[Start of Attachment]
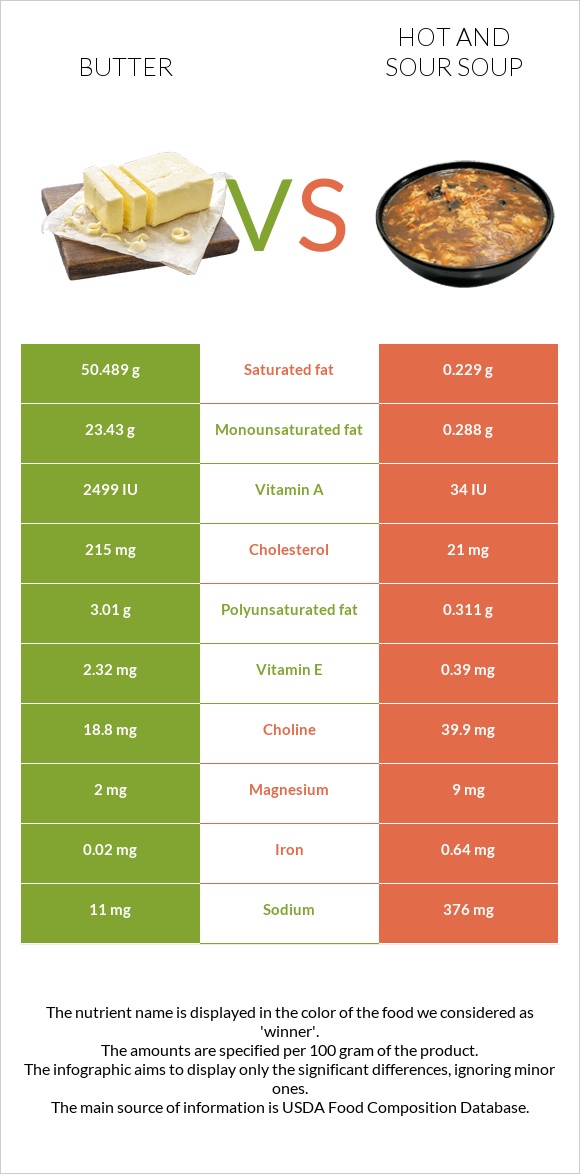 Կարագ vs Կծու-թթու ապուր infographic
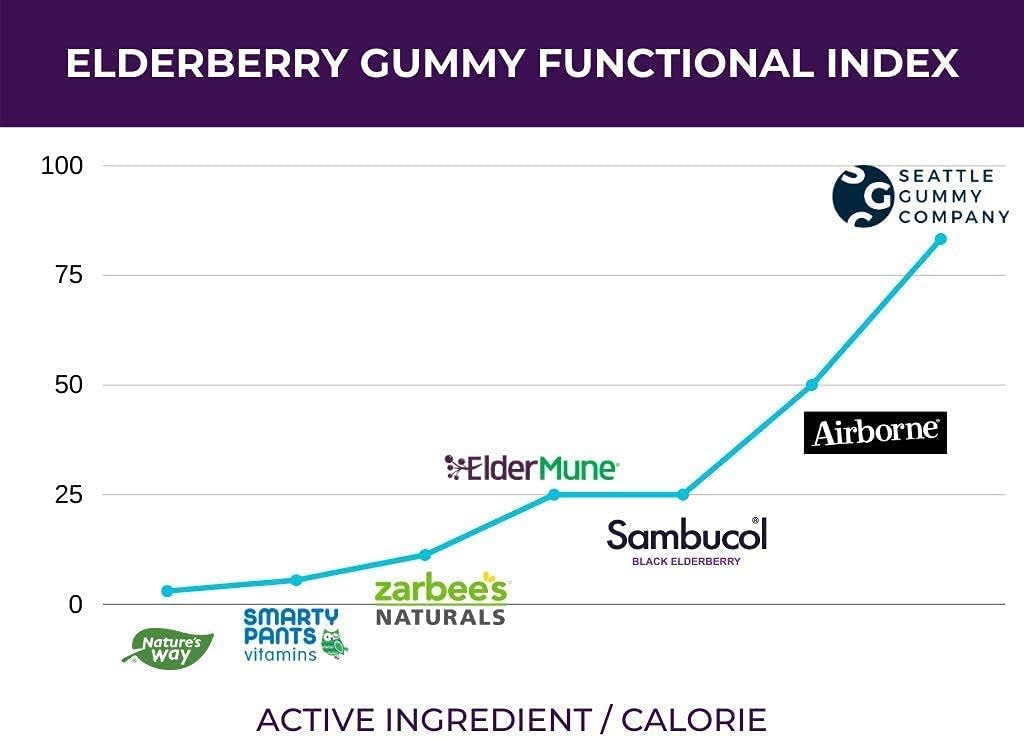 SGC Immunity Shots - Gominolas Multivitamínicas de Saúco y Goji Berry 500mg, 48 Gominolas (12 Paquetes de 4)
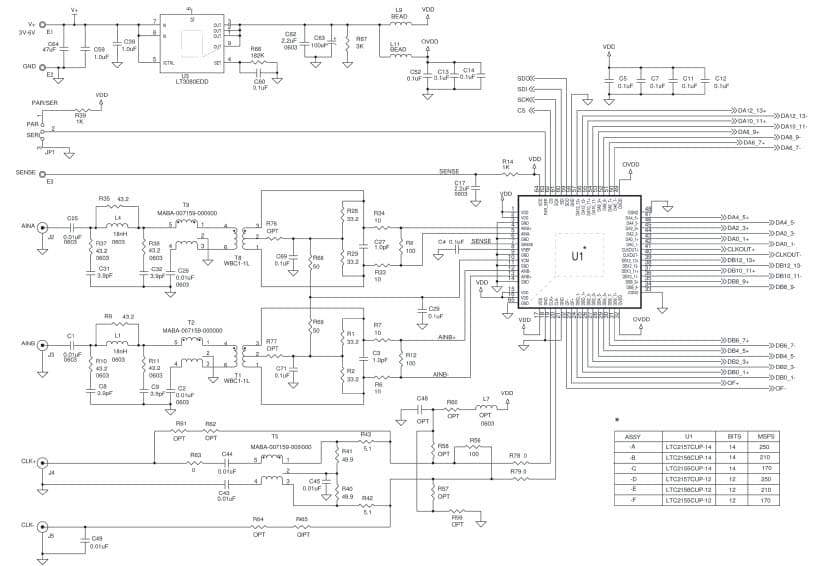 DC1564A-G, LTC2158-14 Demo Board, 14-bit, 310 Msps, 1.8V Dual ADC, DDR LVDS Outputs, 5-140MHz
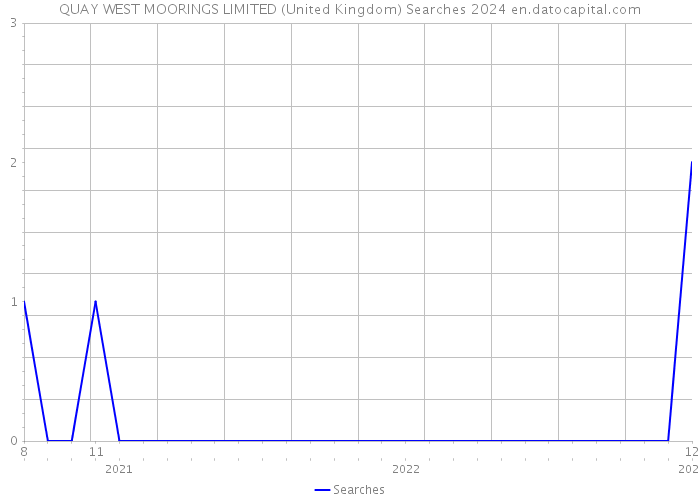 QUAY WEST MOORINGS LIMITED (United Kingdom) Searches 2024 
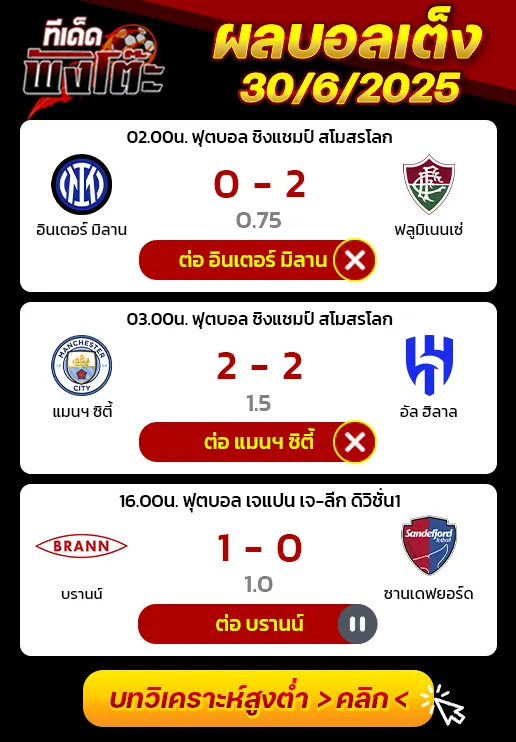 ผลบอลของเมื่อวาน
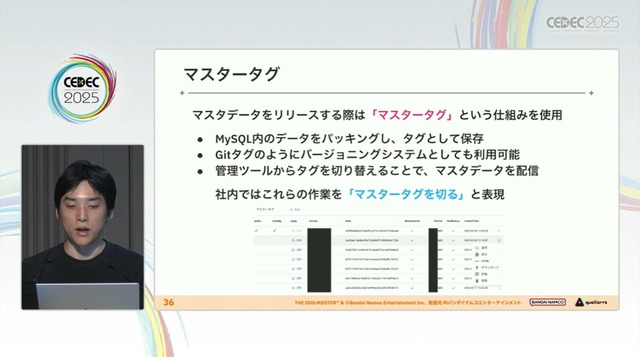 『学園アイドルマスター』を支えるサーバーシステムとは？自動生成ツールが救った少人数開発におけるサーバー構築【CEDEC2025】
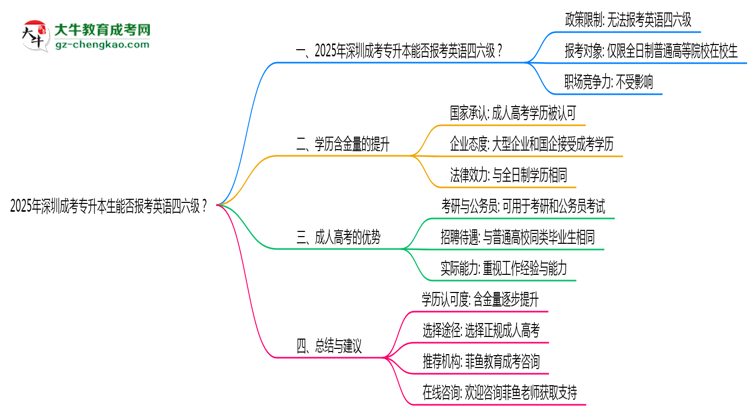 2025年深圳成考專升本生能否報考英語四六級？思維導圖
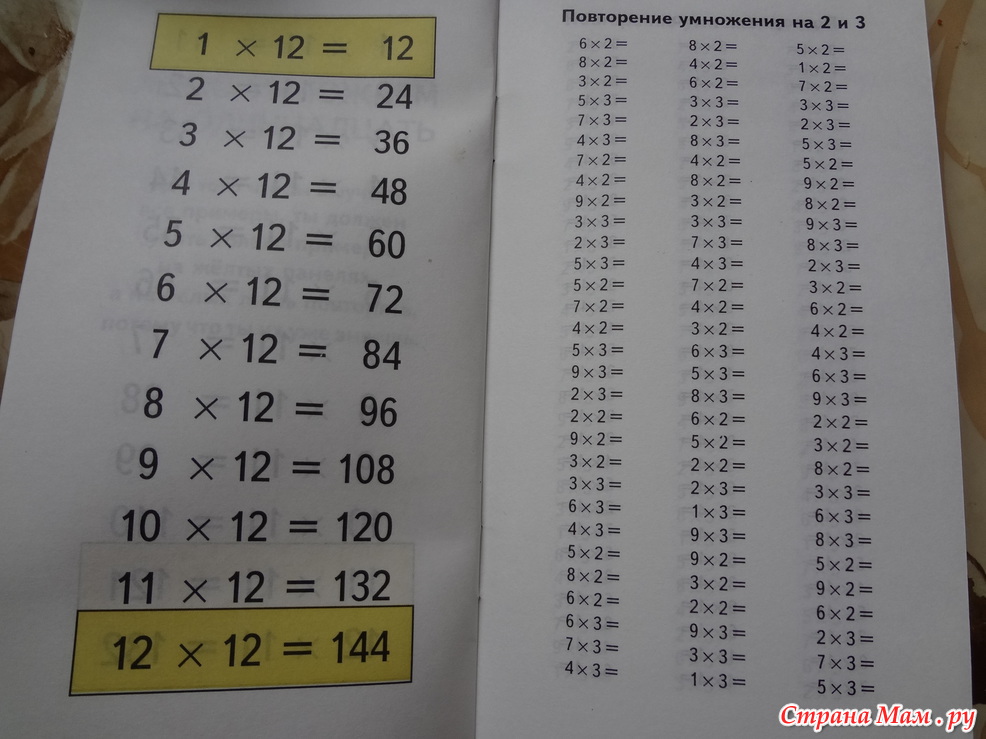 Тест на умножение на 7. Тренажёр "таблица умножения". Таблица умножения без ответов. Таблица умножения в карточках. Таблица умножения на 2.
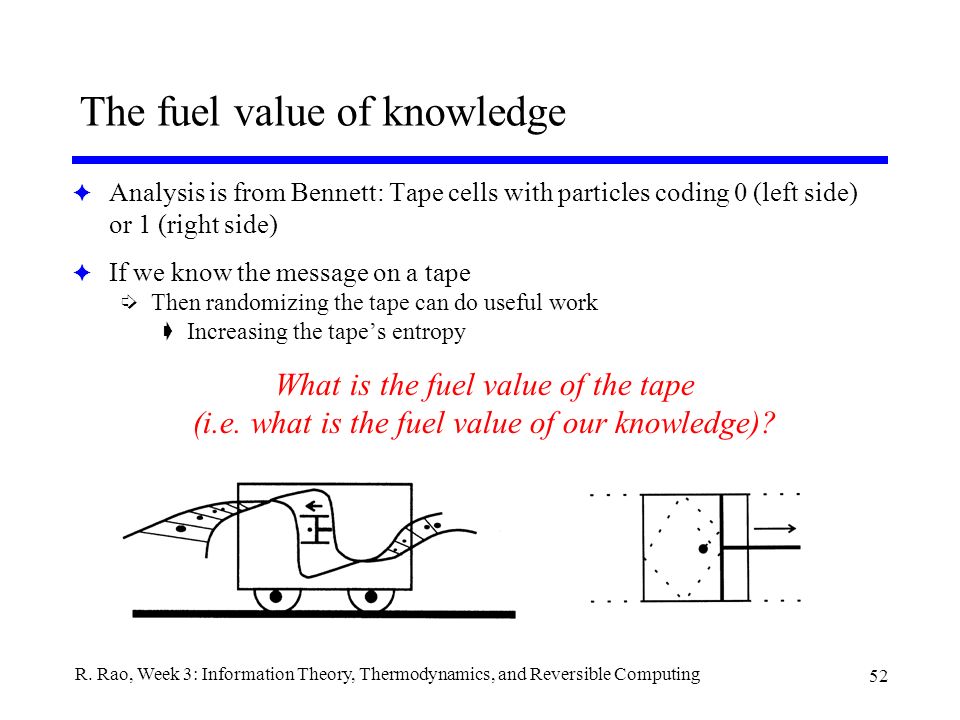 1 R Rao Week 3 Information Theory Thermodynamics And Reversible Computing Cse 599 Lecture 7 Information Theory Thermodynamics And Reversible Computing Ppt Download 1 R Rao Week 3 Information Theory Thermodynamics And Reversible Computing Cse 599 Lecture 7 Information Theory Thermodynamics And Reversible Computing Ppt Download
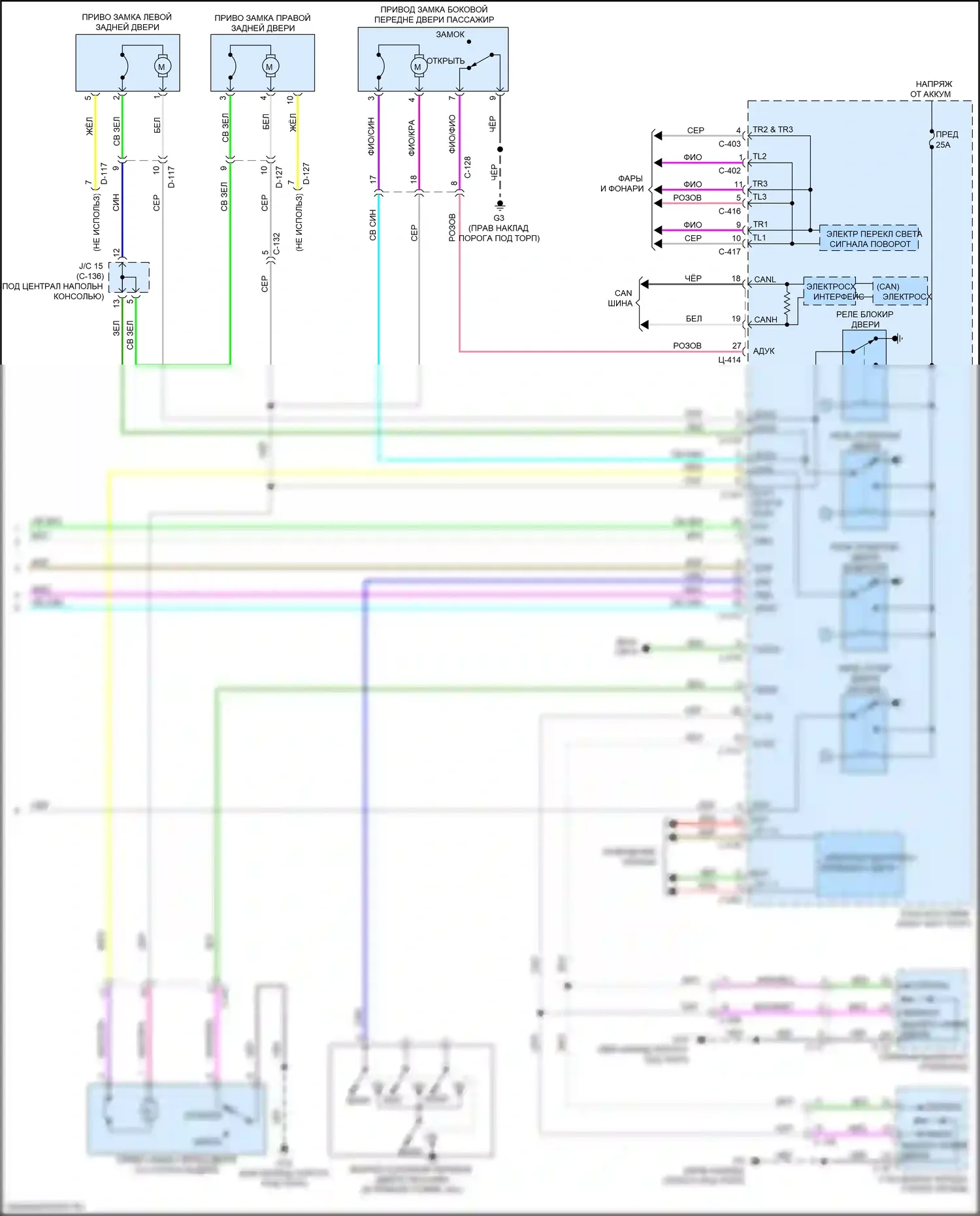 Eclipse Cross Mitsubishi I (2017-2022): Электросхема центрального замка, с запуском одним нажатием (3 из 3) 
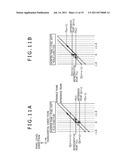 IMAGE PROCESSING APPARATUS, IMAGE PROCESSING METHOD AND IMAGE PROCESSING     PROGRAM diagram and image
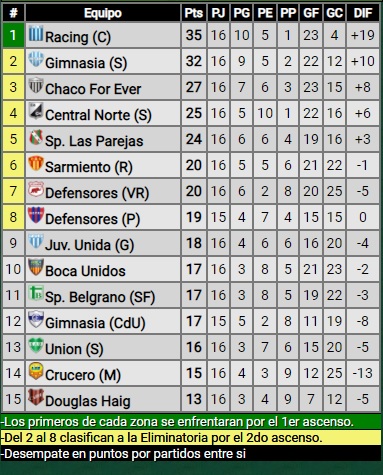 Posiciones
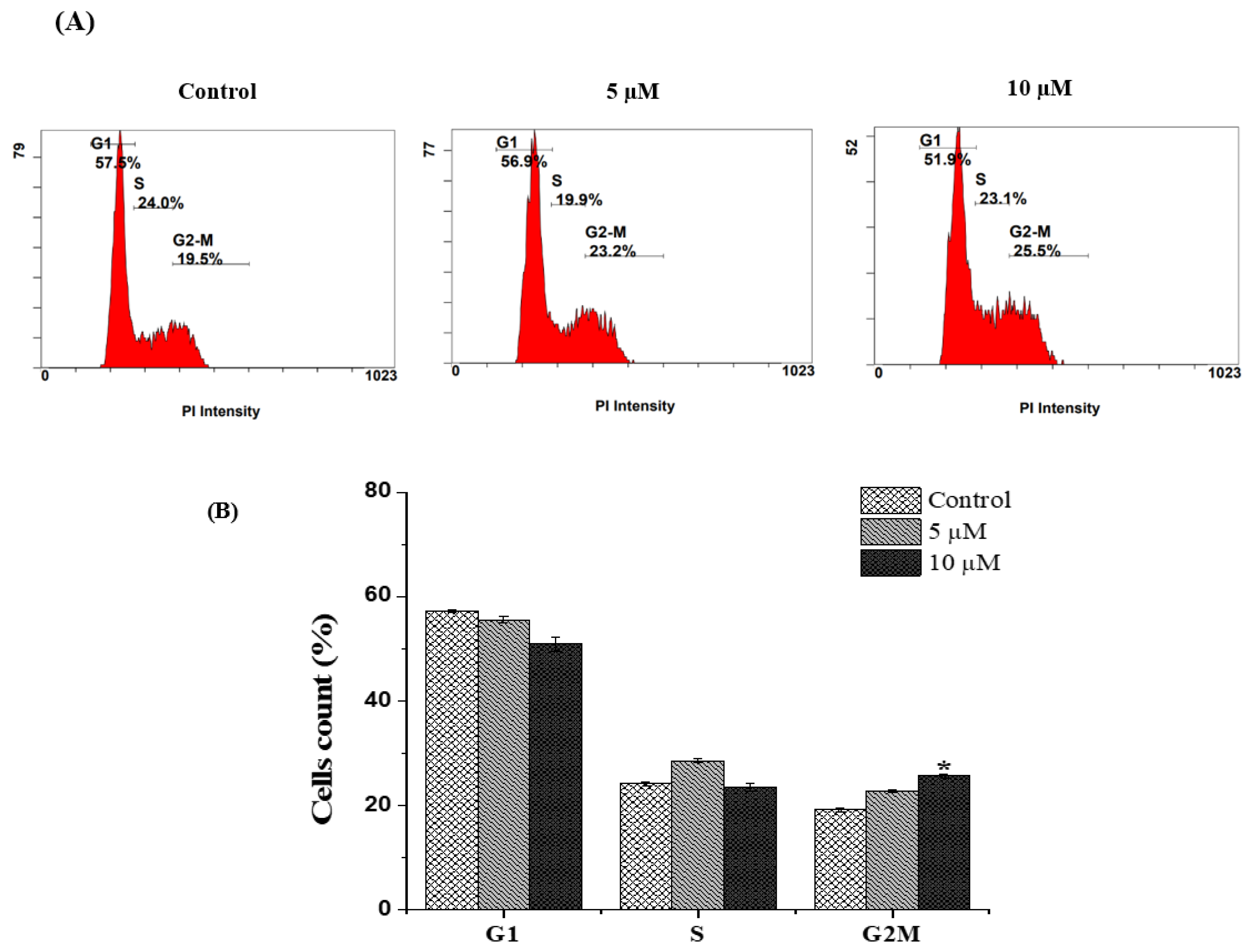 Molecules 28 03061 g002 Molecules 28 03061 g002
[End of Attachment]
* [YOUR TASK] Begin with the line containing "Eclipse Cross Mitsubishi" and end with the last line of the entries above. Copy those lines exactly, both ends included, and drop every picture.

* [ANSWER]
 Eclipse Cross Mitsubishi I (2017-2022): Электросхема центрального замка, с запуском одним нажатием (3 из 3) 
 IMAGE PROCESSING APPARATUS, IMAGE PROCESSING METHOD AND IMAGE PROCESSING     PROGRAM diagram and image
 Posiciones
 Molecules 28 03061 g002 Molecules 28 03061 g002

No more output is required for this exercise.